8 thoughts on Odd Size Monitors

  1. On mismatched monitors: personally, I just get a kick out of having a non-rectangular desktop ;)

    On bureaucrats… well, thankfully they’re not Vogons! Well, wait…

  2. I’ve found that having mismatched monitors is helpful for design work, as annoying as it is for most other purposes. It forces me to think about different resolutions and aspect ratios.

    One of my alpha testers was a word processing power user that had oriented his widescreen monitor vertically. The results were laughably disastrous.
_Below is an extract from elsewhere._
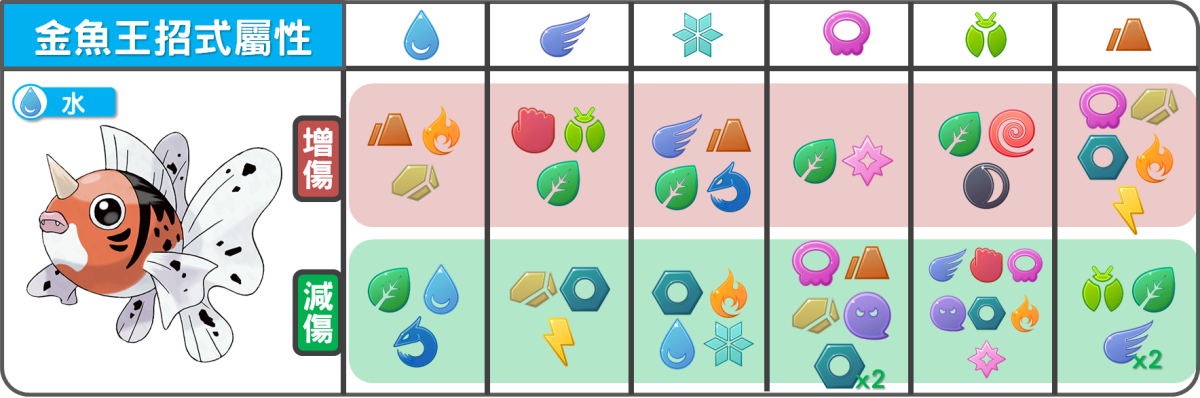 精靈寶可夢金魚王招式屬性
  3. I’m not working with an odd size, but once I discovered my monitor at work could pivot, I tried it in portrait mode. I switched back after a couple of days, but after I got my Android phone, I had adapted, and now I run my monitor at work in portrait mode.

    I like it for email, where I have a narrow pane for folders on the left, a narrow pane for events and tasks on the right, which makes sense, because they’re both lists, and in the middle, the top half are emails, and the bottom half is the preview. Portrait feels more natural than landscape for that layout.

    It’s also nice for code, where I can see more of the code from top to bottom, though it does limit the ability to have documentation on the side.

  4. Get 2 more 24″ and set yourself a 3-way gaming rig :)

    Glad to see here(Romania) is not the only place where public “servants” are lazy and ignorant.
    Good luck.

  5. I know it’s pretty common these days, in fact I’m certainly in the overwhelming majority (I’d wager that at LEAST 90% of people are having this very issue) but my current resolution is 5760×1080 and Kudos 2 just doesn’t quite fit to full screen (there’s some wasted space on the edges, and I just hate that).

    However I did come up with a reasonable compromise:
    https://picasaweb.google.com/lh/photo/KW7i8c84E4OTsCNBaaKmny1cbwEPm-jx9WBLaOO9Dxk?feat=directlink
    :D

    SomeGuyInABikini, wondering where all the Pepsi’s gone!

  6. Hi Cliff,

    This won’t be game related but –
    It’s odd that in some European countries “green” energy is both accepted and promoted, while other (perhaps more modern) countries and societies get shafted with endless (mindless) bureaucracy.

    This isn’t uncommon in developed and industrialized (more like commercialized) countries, but the situation is made more odd by the fact that Europe is made up of so many countries connected to each other, most of which are developed.

    If you haven’t seen it yet, I recommend you watch “The Age of Stupid” starring the late Pete Postlewaite. It’s nothing you haven’t seen before, but it is interesting and somewhat entertaining for a docu/fiction/drama/mentary.

    Being from North America, I thought that even with the age of your country and somewhat intelligent people, that people there (the UK) would be more open minded to change and weathering social and environmental change especially. It’s obvious that people are still scared and afraid of change though. I guess it’s just a lack of understanding and that applies to everyone world-wide.

    Good luck getting your solar panels installed though. I really do hope it all works out for you in the end.